Get To Know: Prianka Nandy

Chief Information and Technology Officer (CITO) with Special Olympics International

Representation matters. Seeing women hold a range of positions within the technology and gaming industries is encouraging and inspiring. It helps those interested in pursuing careers within what’s traditionall seen as a male dominated industry see that they too are able to ‘make it’ and pursui their passions and dreams.

In the series, “Get To Know”, we’ll be interviewing a range of women of work in a variety of roles at Microsoft, Xbox and other gaming/technology brands.

Our first interview is a special one (no pun intended), for me in particular, as we get to know Prianka Nandy, Chief Information and Technology Officer (CITO) with Special Olympics International. Why is this one special? Well not only is Ms. Nandy a woman working in a senior position in the technology space but she’s also a woman of colour, someone whose background is somewhat similar to mine. Representation matters remember?
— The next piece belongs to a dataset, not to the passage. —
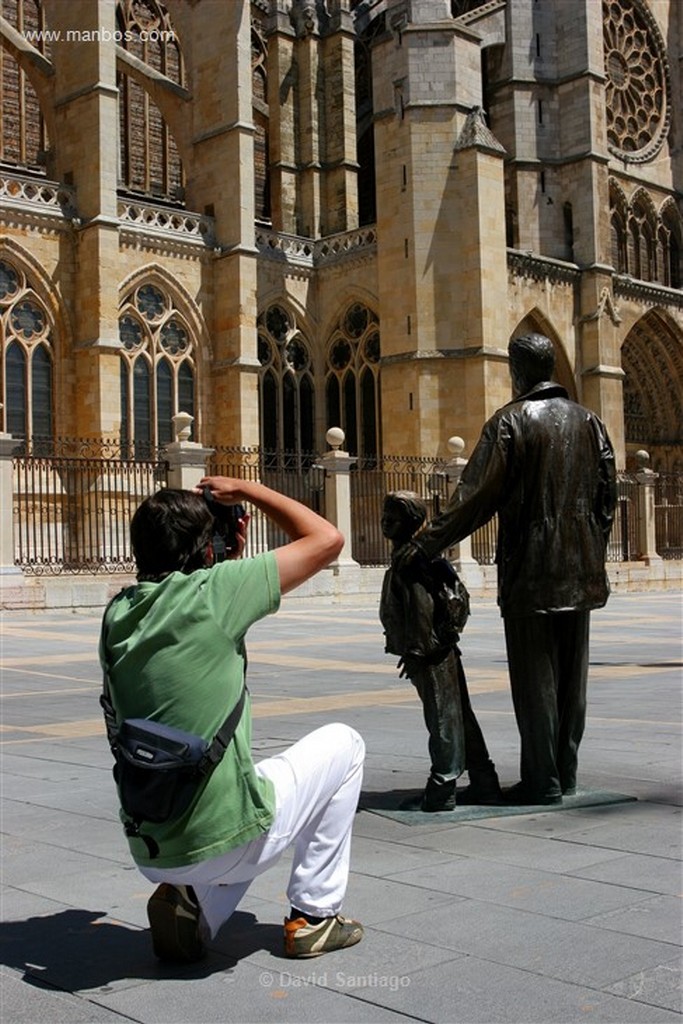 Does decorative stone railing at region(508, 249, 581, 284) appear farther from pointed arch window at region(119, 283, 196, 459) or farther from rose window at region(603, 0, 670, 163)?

Read on to learn more about Ms. Nandy, what her role entails and how she got to where she is today.

What do you do at the Special Olympics and what does your role entail?

As the Chief Information and Technology Officer (CITO) with Special Olympics International, I am responsible for leading our IT department focused on supporting our staff and our network of affiliates worldwide. I work closely with our senior executive leadership to shape our use of technology, including investments in a range of digital transformation initiatives that align with our overall strategic goals. Every day, my team and our stakeholders envision new ways to leverage technology and data to reach as many adults and children with intellectual disabilities through thousands of sports competitions, health screenings, youth education, and leadership programs. We aim to grow the #inclusionrevolution and change attitudes and end discrimination against people with intellectual disabilities.

How did you get to your current position (are you able to share a little about your career journey?)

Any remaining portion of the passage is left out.